Preliminary Questions
Do you live within a thirty-minute radius/are you comfortable commuting to Murray Hill or elsewhere in Manhattan to hang out with me?
Are you crazy?
Can you supply a personal website or social media profile?
Once I review your application, I will reach out to have a more formal, sit-down interview to be my friend in Manhattan. This interview will be videotaped and I will be posting the footage on social media. Are you able to report to Manhattan and spend at least an hour for the interview?
Open Questions
Why are you filling out this questionnaire?
How many "close friends" (by close friends I mean people that you see more than twice a month if they live in the tri-state area or if they are a long-distance friend that you speak with at least twice a month) do you have?
Do you listen to Billie Eilish? If so, why?
It's Saturday morning! What time are you up and what do you want to do with the day?

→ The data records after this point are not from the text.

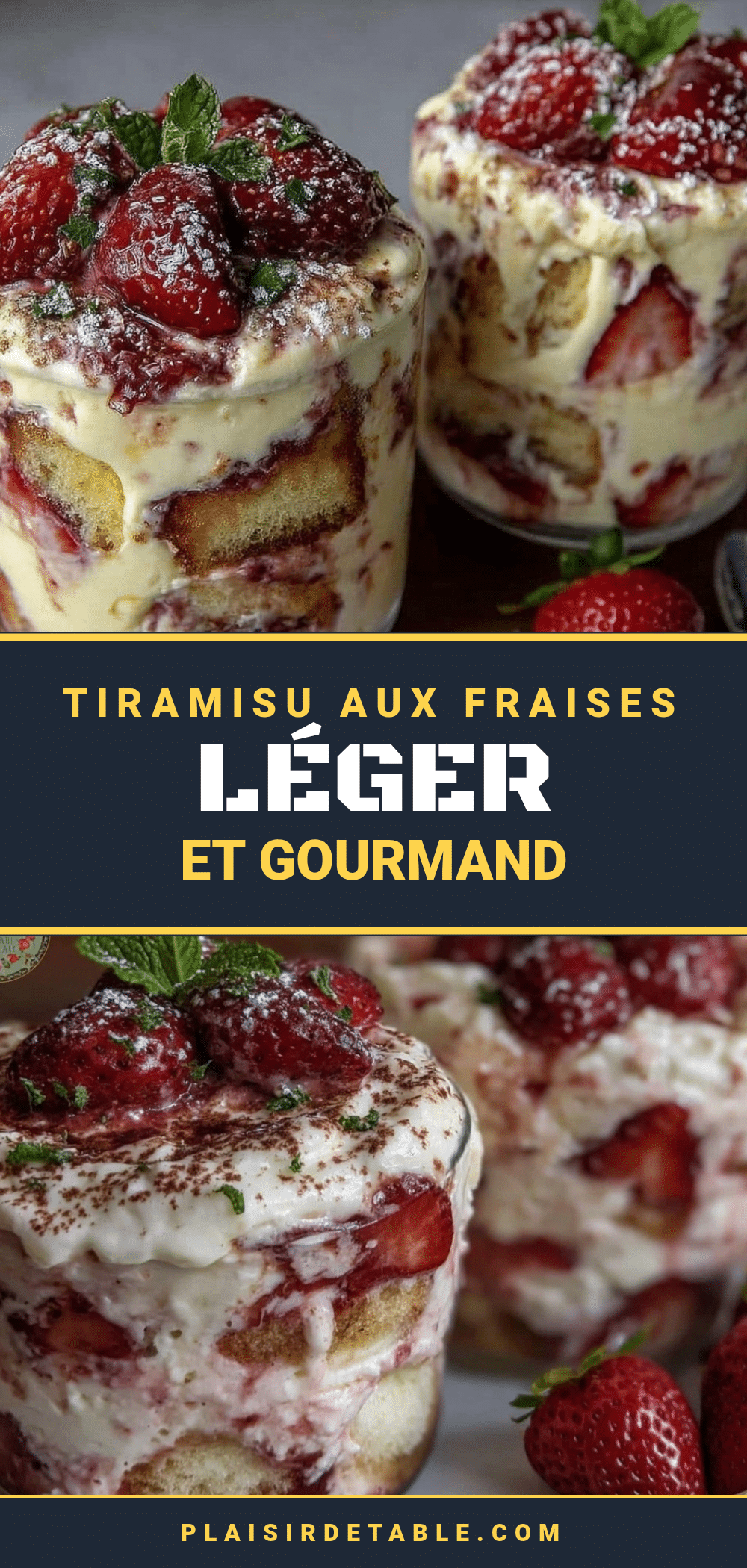léger tiramisu aux fraises sans alcool recipe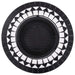 Mosaic Fire Pit Black and White Ceramic Alixo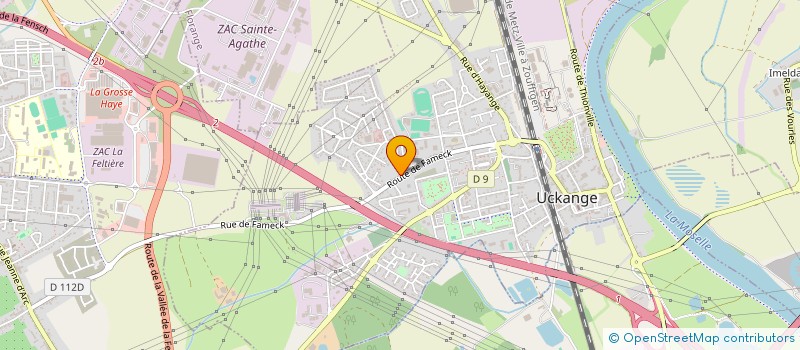 localisation de l'entreprise SCI HAB INVEST  UCKANGE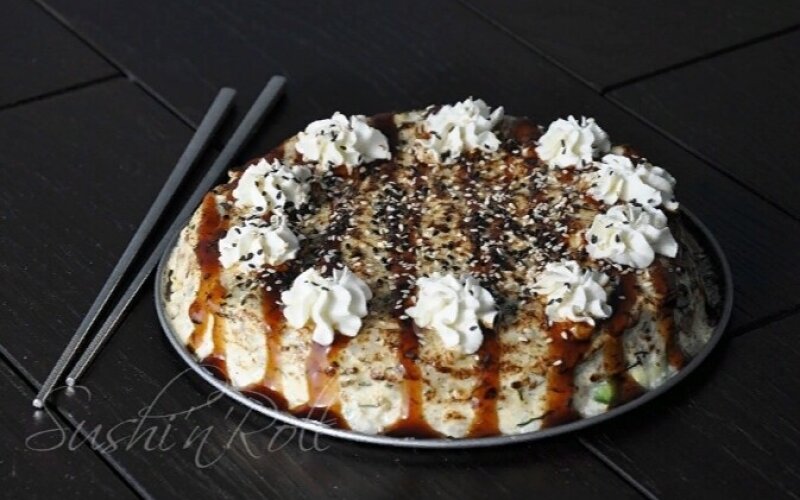 Суши-торт «Сахара»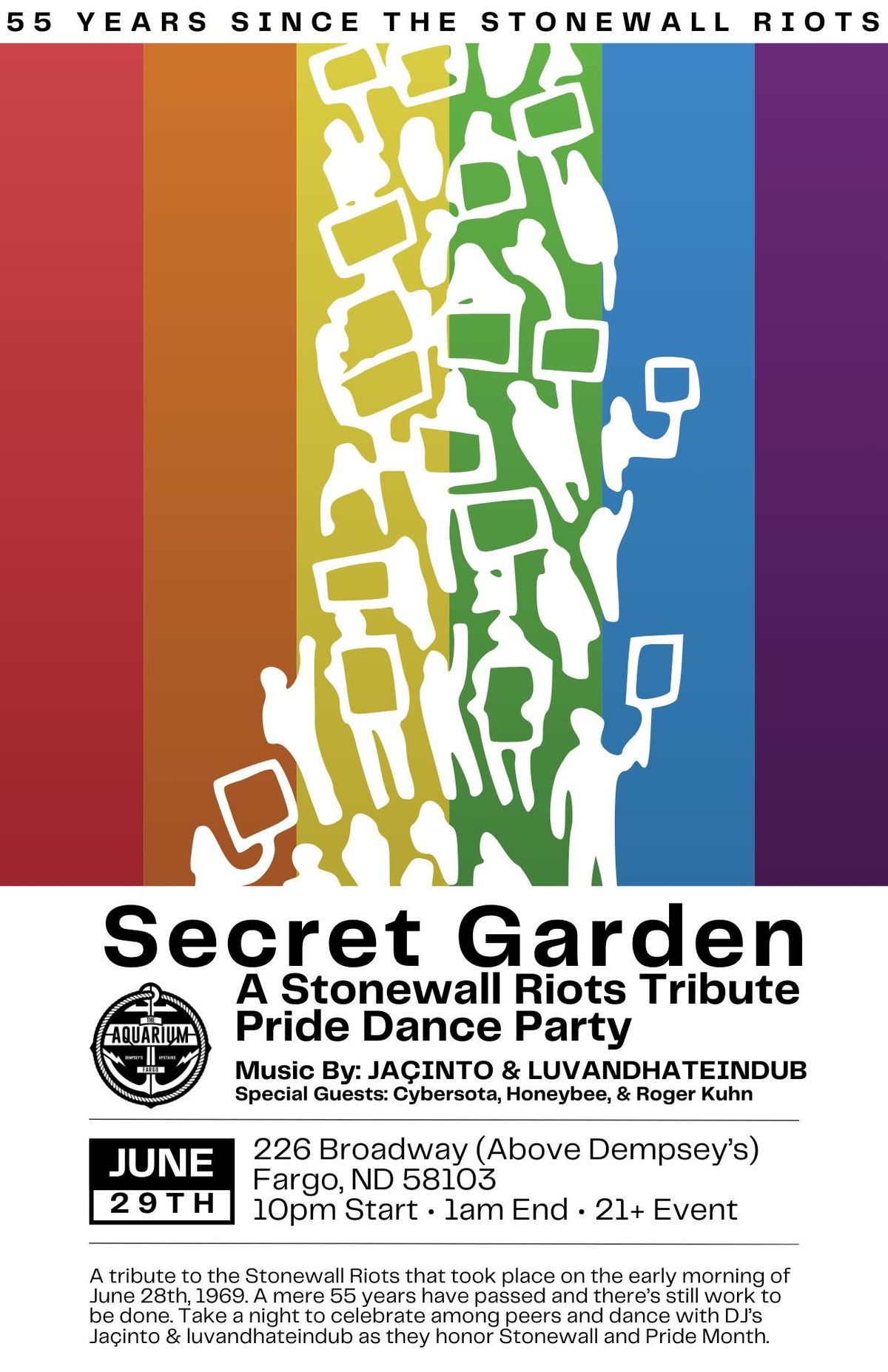 Secret Garden: A Stonewall Riots Tribute Pride Dance Party at The Aquarium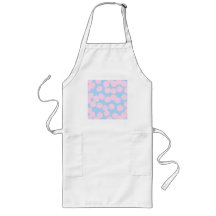 Blue Sky with Pink Clouds Pattern. Apron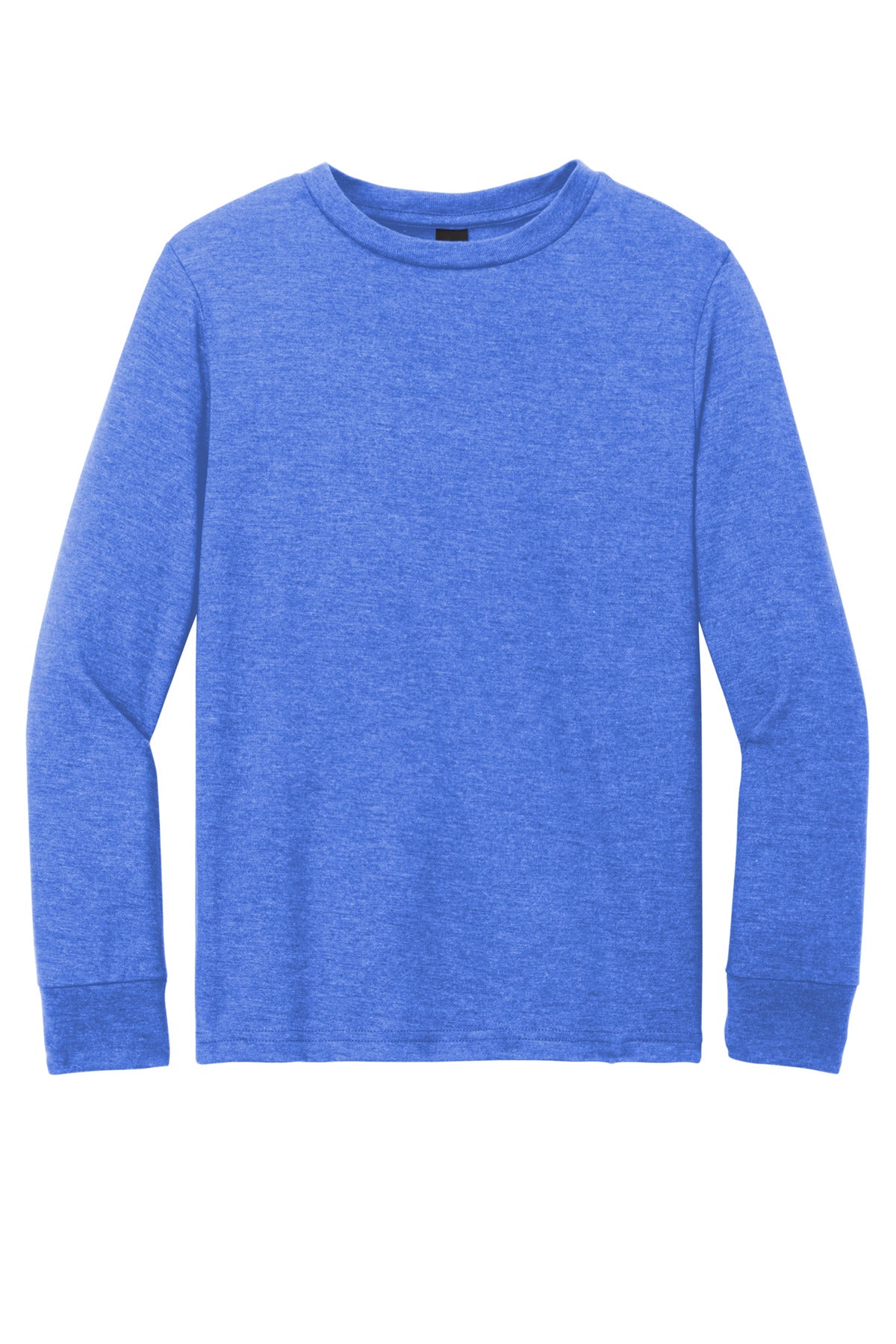 District Youth Perfect Tri Long Sleeve Tee DT132Y Royal Frost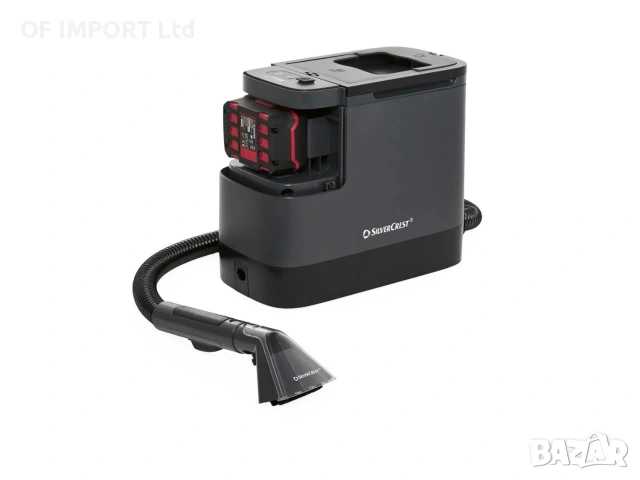 Акумулаторна Перяща Прахосмукачка за Тапицерии и Килими SILVERCREST SPRA 20 A2 с батерия 4 Ah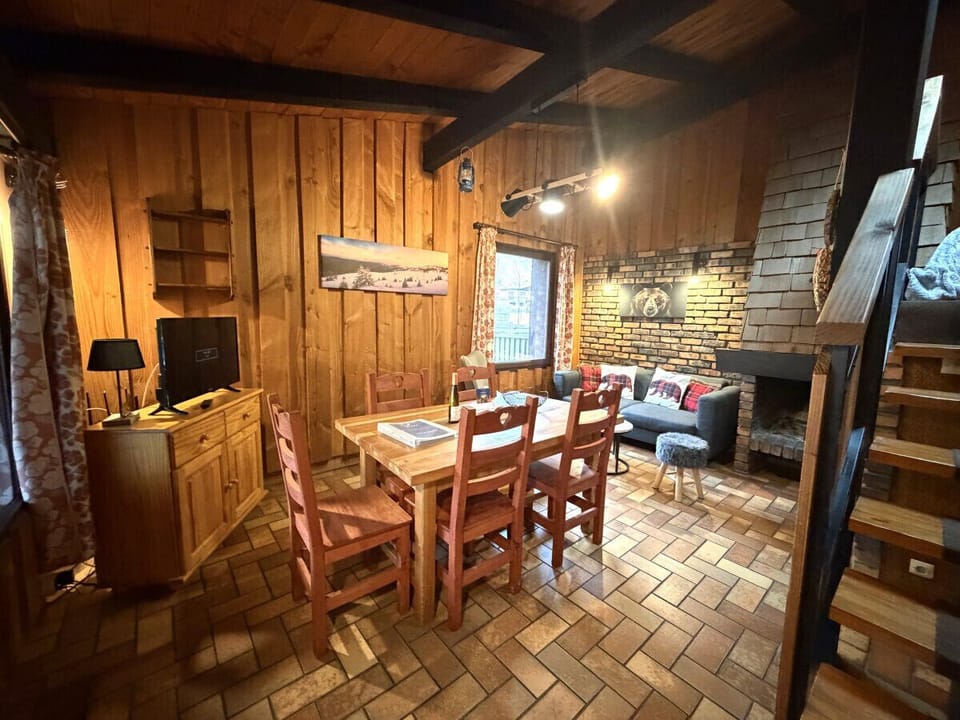 Living room with fireplace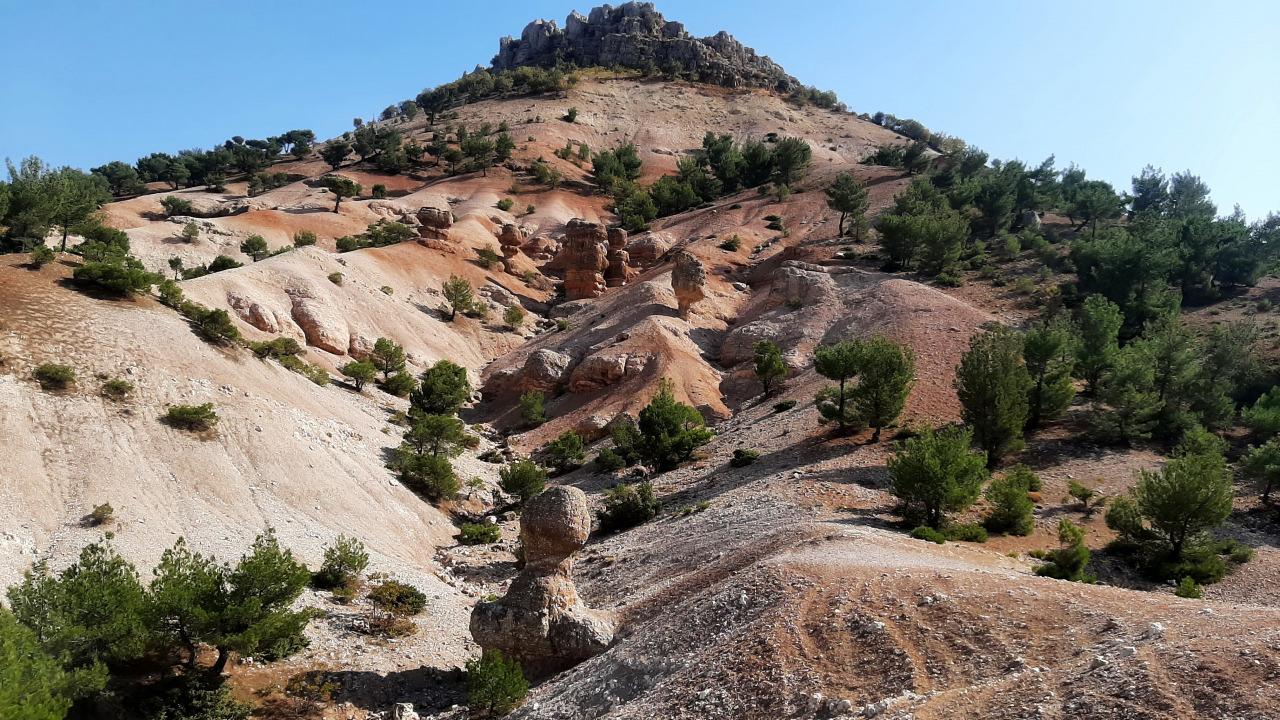 Adıyaman'daki Kale Peri Bacaları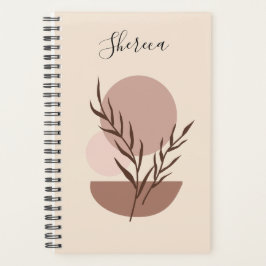Earthy Trendig Abstrakt Boho Personlig Planner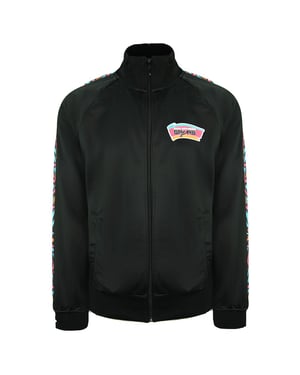 Mitchell & Ness San Antonio Zip Up Black Mens Track Jacket TRJKDF18006 SASBLCK1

Have you ever had an existential crisis? How did it come about and what was your ultimate takeaway from it?
You are at a party and a topic comes up that you could go on and on and on about that nobody else knows anything about. What is the topic and would you talk about it or not talk about it?
What do you think about feminism? How did you come to that conclusion?
If there was an alternate reality in which you had a debilitating, life-altering addiction, what would you be addicted to?
What are your dreams?
Do you believe in ethical consumerism or is it a drop in a giant well that has already been dug by multinational corporations so it doesn't matter?
Multiple-Choice Questions
What qualities are most important to you in a friend
What is the worst thing on this list
Work is:
Which poet's writing do you most connect with?
Do you feel like you've lived one life or lots of lives?
How do you feel about answering all these questions:
Aristotle once said; "my friends, there are no friends." How do you feel about that:
Essay Question
Please describe a friend breakup you have gone through. If you haven't gone through a friend breakup, please explain why you think you have never gone through a friend breakup. Outline a major friendship in your life and explain why it is successful.
This December, I met up with my best friend from high school after 7 years.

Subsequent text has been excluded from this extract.